I was seeing another side to Ursula and beginning to understand a little better why she was the way she
was. Chances were, since she only knew English, she was determined to know every word of English in the dictionary.

“My parents are very disappointed in me. I have a brother who was a Rhodes Scholar. Now he's in the state department. When I accepted Christ and began to talk about Jesus, my parents were so alarmed they sent me to one of those places to be deprogrammed.”

“Oh my!”

“I went through the program but came out still knowing that what I believe is true. My parents were devastated—
humiliated
would be a better word. They threatened to cut off my allowance, but education is such a priority with them, they permitted me to return to grad school and finish my last semester.”

I really felt sorry for her. As for her parents, I could wring their necks! There was a photograph on the cabinet, and I picked it up. “Is this your daddy?”

“Yes, that's Father.”

The picture showed him gray-headed with a dark beard, smoking a pipe and wearing a turtleneck. “He looks like a professor,” I said and set the picture back on the cabinet.

“Now can you see why I cannot fail at Priscilla Home? They would never forgive me for wasting two years here when I could be well on my way in a doctoral program.”

“Is that what you want to do—study for a doctor's degree?”

She hesitated. “No, Esmeralda. No, it isn't. I just want to make a go of it here at Priscilla Home.”

I could've told her a lot of stuff that would help her succeed, but I figured this wasn't the time. Ever since I came to Priscilla Home it looked like everything except the counseling sessions were just thrown together. When the women were not having a one-on-one with Ursula, for the most part they wasted time—stayed outside smoking. “Ursula,” I ventured to say, “what would you think about writing us a schedule so that every day is planned and duties are assigned?”
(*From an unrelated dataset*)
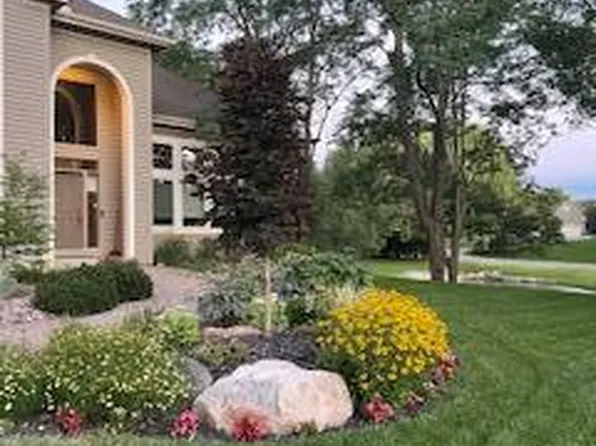 3240 Olive Ln N, Plymouth, MN 55447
“I do have a schedule for counseling sessions. The last resident manager took care of scheduling other activities. She was incompetent, and I suggested that she make a career change, which she did.”

“You mean scheduling is my job?”

“I thought you knew that.”

“No.”

“I should write job descriptions,” she said wearily.
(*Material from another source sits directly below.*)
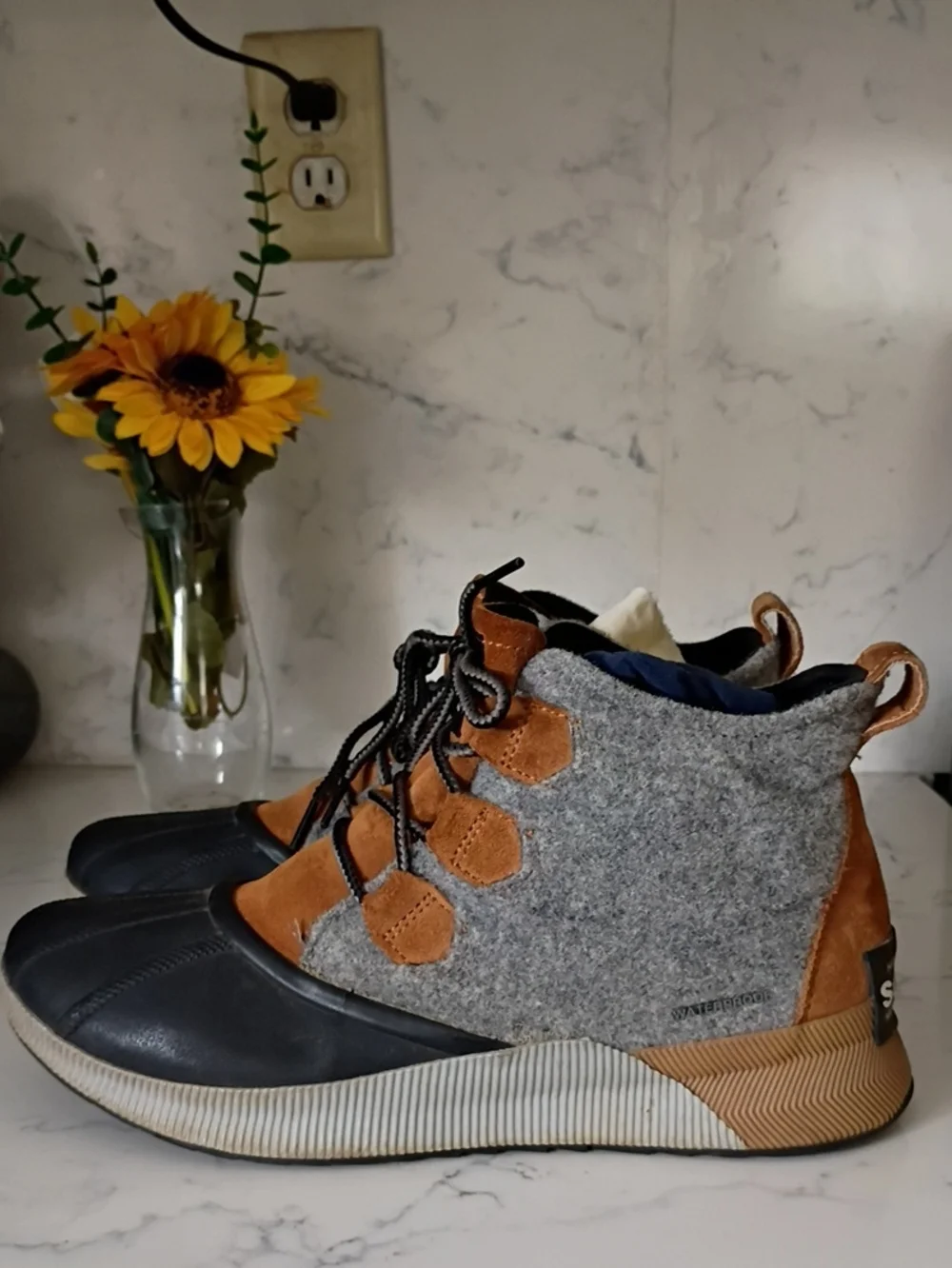 Sorel Waterproof Tan, Gray & Black Lace-Up Boots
“Well, then, I'll try, but I'll need your help. What would you think of having the first hour of the morning set aside for prayer and praise?”

“Prayer and praise? Do you think they're ready for that?”

“I do.”

“Very well.” She was too worn out to give it much thought.
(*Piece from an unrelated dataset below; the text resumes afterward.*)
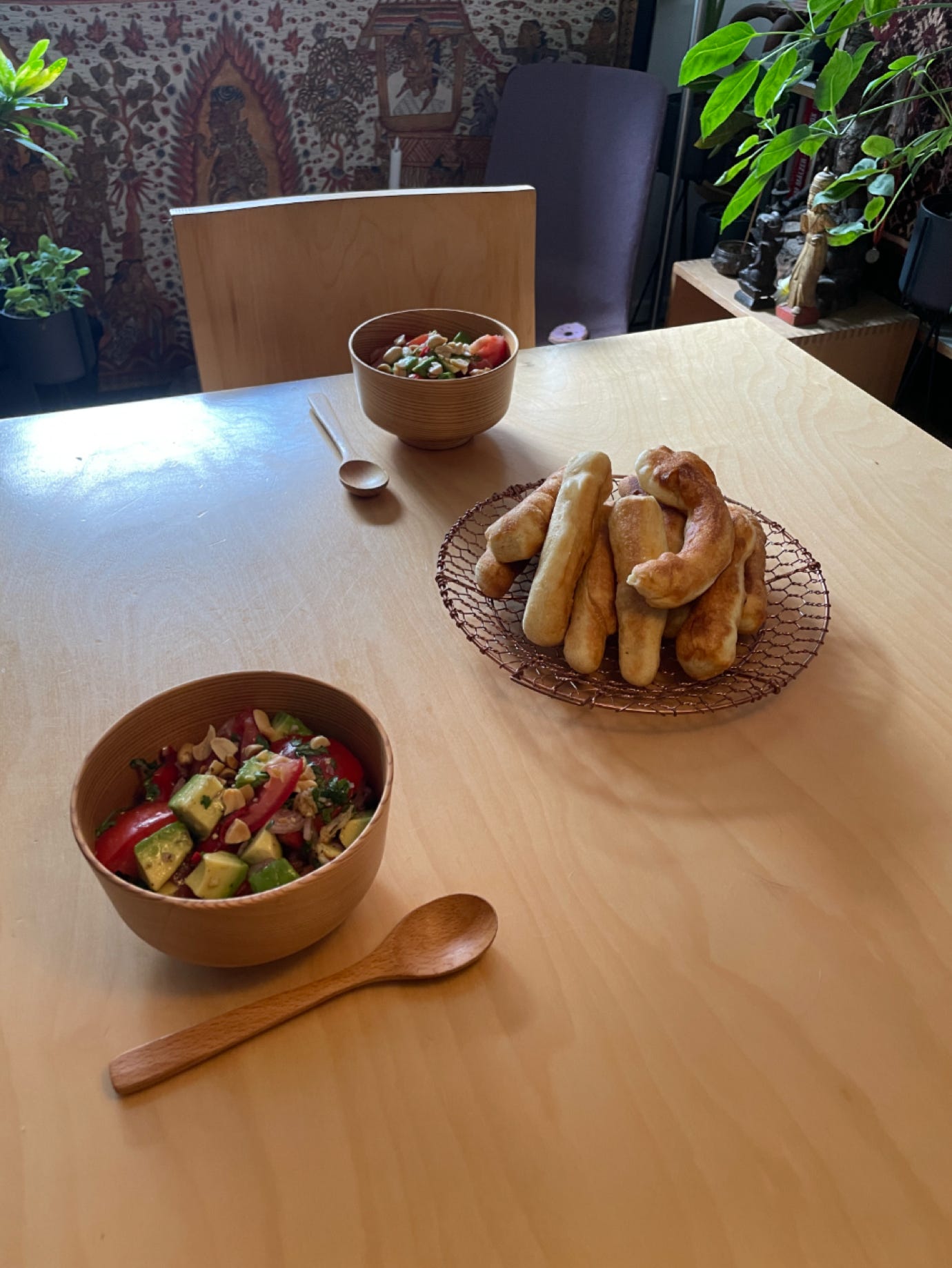 Htau Patsi Thoke – Avocado Salat aus Myanmar  Pa Ton Go – Thailändische Donuts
“After prayer and praise, then there's work in the house and yard—I could sign them up for that. After lunch we could have a Bible study.”

“Will you teach it?”

“Me? I'm not a Bible teacher.”

“Well, you're the only one available. I'm tied up all day long counseling.”

“Ursula, I've never taught anything!”

“Well, think about it.”

Think about it? There is no way under the sun I could set myself up as the Priscilla Home Bible teacher!

Suddenly I remembered the falls. “The girls—I mean, the
ladies
—want to go to the falls. I'll take them if it's okay with you.”

“All right, you can take them. Tell them to be careful.”

“Good. I'll tell them. Now, Ursula, eat your sandwich and drink your milk—and why don't you take a rest while we're gone?”

“I might as well.”

I picked up the tray to take it back to the kitchen, but when I looked back at that poor, sad girl, my heart went out to her. I put down the tray, went around the table, and gave her a hug.